Un vídeo grabado en las inmediaciones de un parque eólico muestra una situación tan aterradora como ilustrativa, ya que sirve para advertir sobre uno de los riesgos menos conocidos de los grandes parques eólicos en condiciones meteorológicas extremas. En las imágenes se observa cómo dos personas caminan bajo una enorme aeroturbina cuyas palas se encuentran cubiertas de hielo, una circunstancia especialmente peligrosa en condiciones de bajas temperaturas.
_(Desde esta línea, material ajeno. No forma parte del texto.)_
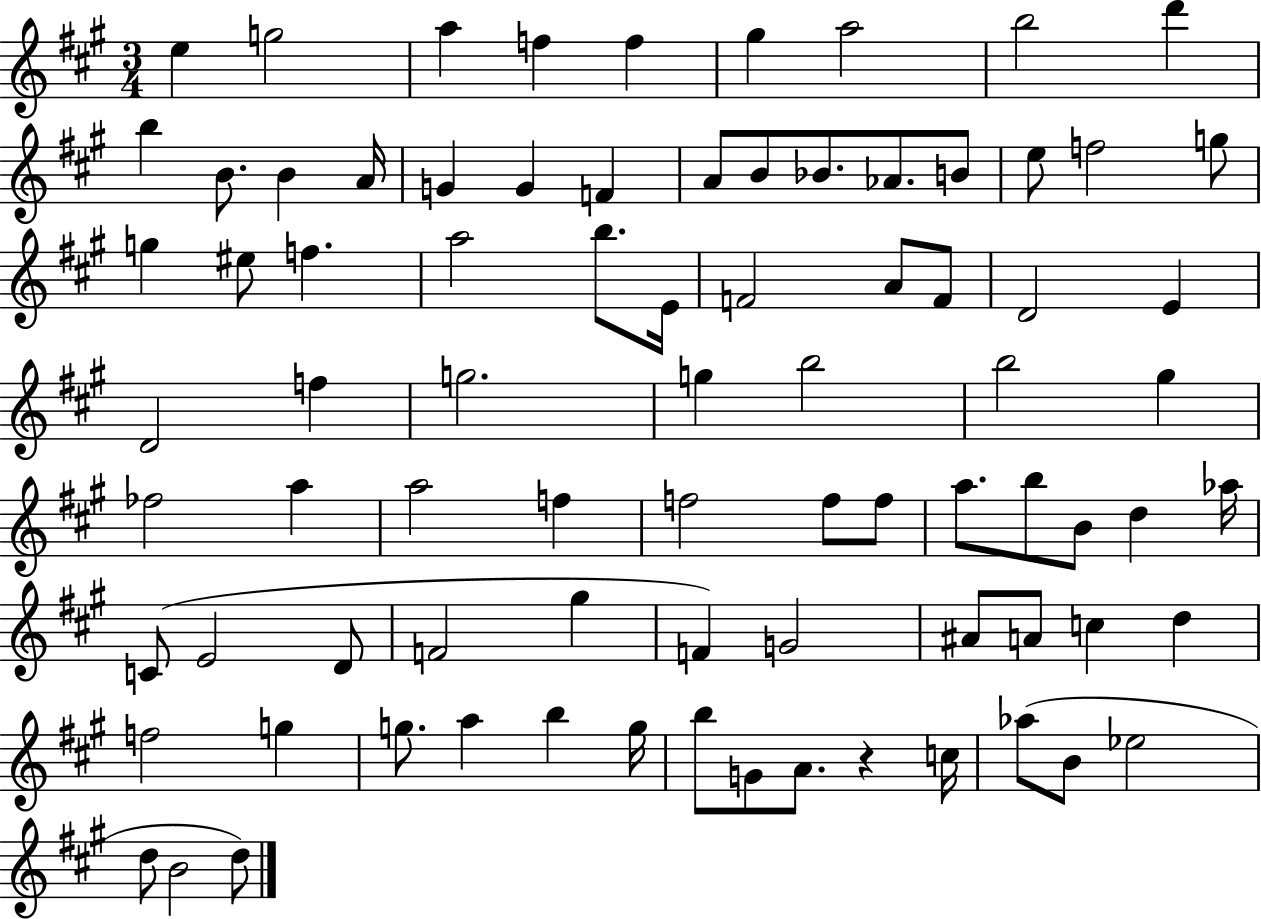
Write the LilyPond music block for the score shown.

{
  \clef treble
  \numericTimeSignature
  \time 3/4
  \key a \major
  e''4 g''2 | a''4 f''4 f''4 | gis''4 a''2 | b''2 d'''4 | \break b''4 b'8. b'4 a'16 | g'4 g'4 f'4 | a'8 b'8 bes'8. aes'8. b'8 | e''8 f''2 g''8 | \break g''4 eis''8 f''4. | a''2 b''8. e'16 | f'2 a'8 f'8 | d'2 e'4 | \break d'2 f''4 | g''2. | g''4 b''2 | b''2 gis''4 | \break fes''2 a''4 | a''2 f''4 | f''2 f''8 f''8 | a''8. b''8 b'8 d''4 aes''16 | \break c'8( e'2 d'8 | f'2 gis''4 | f'4) g'2 | ais'8 a'8 c''4 d''4 | \break f''2 g''4 | g''8. a''4 b''4 g''16 | b''8 g'8 a'8. r4 c''16 | aes''8( b'8 ees''2 | \break d''8 b'2 d''8) | \bar "|."
}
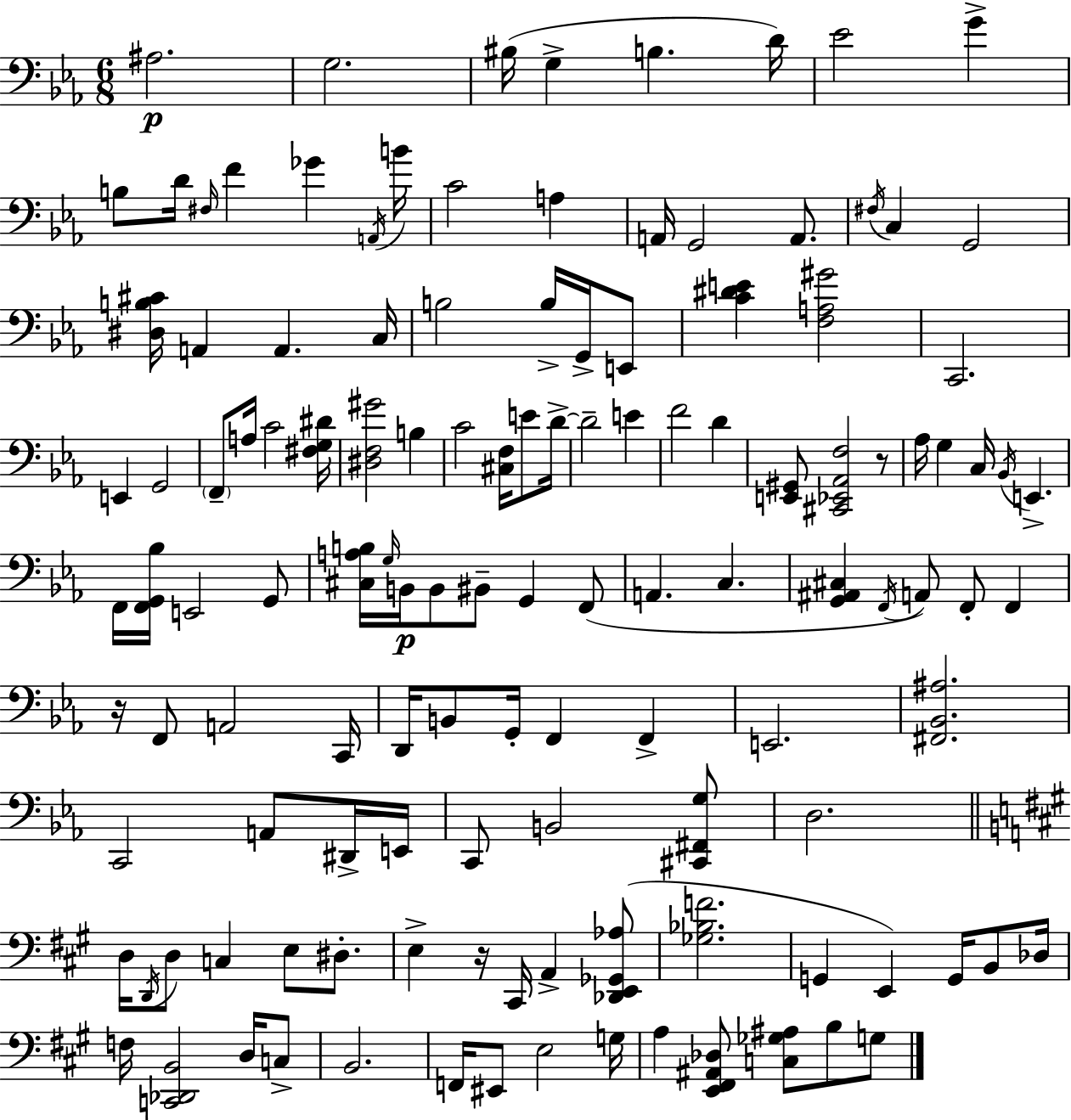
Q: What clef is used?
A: bass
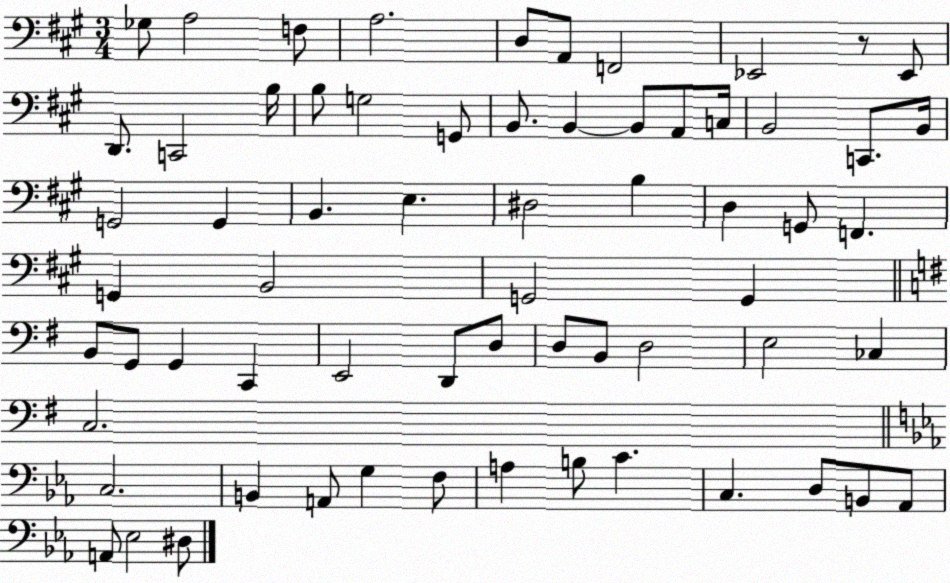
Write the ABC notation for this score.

X:1
T:Untitled
M:3/4
L:1/4
K:A
_G,/2 A,2 F,/2 A,2 D,/2 A,,/2 F,,2 _E,,2 z/2 _E,,/2 D,,/2 C,,2 B,/4 B,/2 G,2 G,,/2 B,,/2 B,, B,,/2 A,,/2 C,/4 B,,2 C,,/2 B,,/4 G,,2 G,, B,, E, ^D,2 B, D, G,,/2 F,, G,, B,,2 G,,2 G,, B,,/2 G,,/2 G,, C,, E,,2 D,,/2 D,/2 D,/2 B,,/2 D,2 E,2 _C, C,2 C,2 B,, A,,/2 G, F,/2 A, B,/2 C C, D,/2 B,,/2 _A,,/2 A,,/2 _E,2 ^D,/2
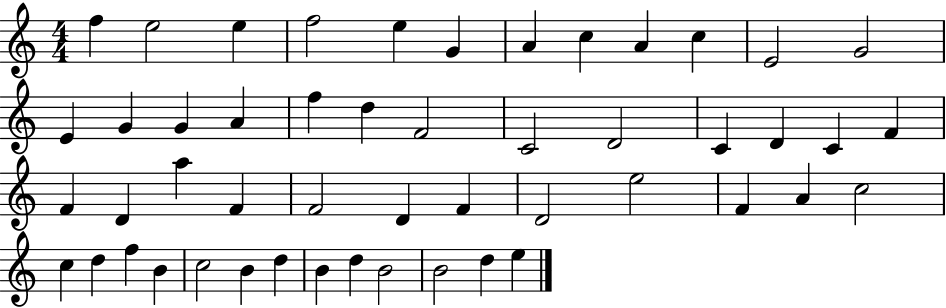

Lo que comienza como una escena aparentemente cotidiana se transforma en segundos en un momento de máxima tensión cuando una gran placa de hielo se desprende repentinamente de una de las palas y cae al vacío desde decenas de metros de altura. La masa congelada se fragmenta en el aire mientras una tercera persona, que presencia la escena, grita desesperadamente para alertar a quienes se encuentran debajo. Al escuchar el aviso, ambos reaccionan de inmediato y comienzan a correr, librándose por muy poco del impacto.
Un riesgo real bajo los molinos eólicos
La escena no es tan excepcional como podría parecer. En zonas frías o durante episodios de heladas intensas, las palas de los aerogeneradores pueden acumular grandes cantidades de hielo. Cuando las temperaturas suben o el viento cambia, estas placas pueden desprenderse de forma repentina, cayendo desde alturas que superan con facilidad los 80 o 100 metros.
Esto se debe a que, como sabemos, los aerogeneradores modernos alcanzan dimensiones colosales. Muchos modelos instalados actualmente en parques eólicos cuentan con torres de entre 80 y 120 metros de altura, a las que hay que sumar palas que pueden medir otros 50 o 70 metros de longitud. Esto significa que el hielo puede precipitarse desde más de 150 metros, adquiriendo una energía suficiente como para causar daños gravísimos o incluso la muerte.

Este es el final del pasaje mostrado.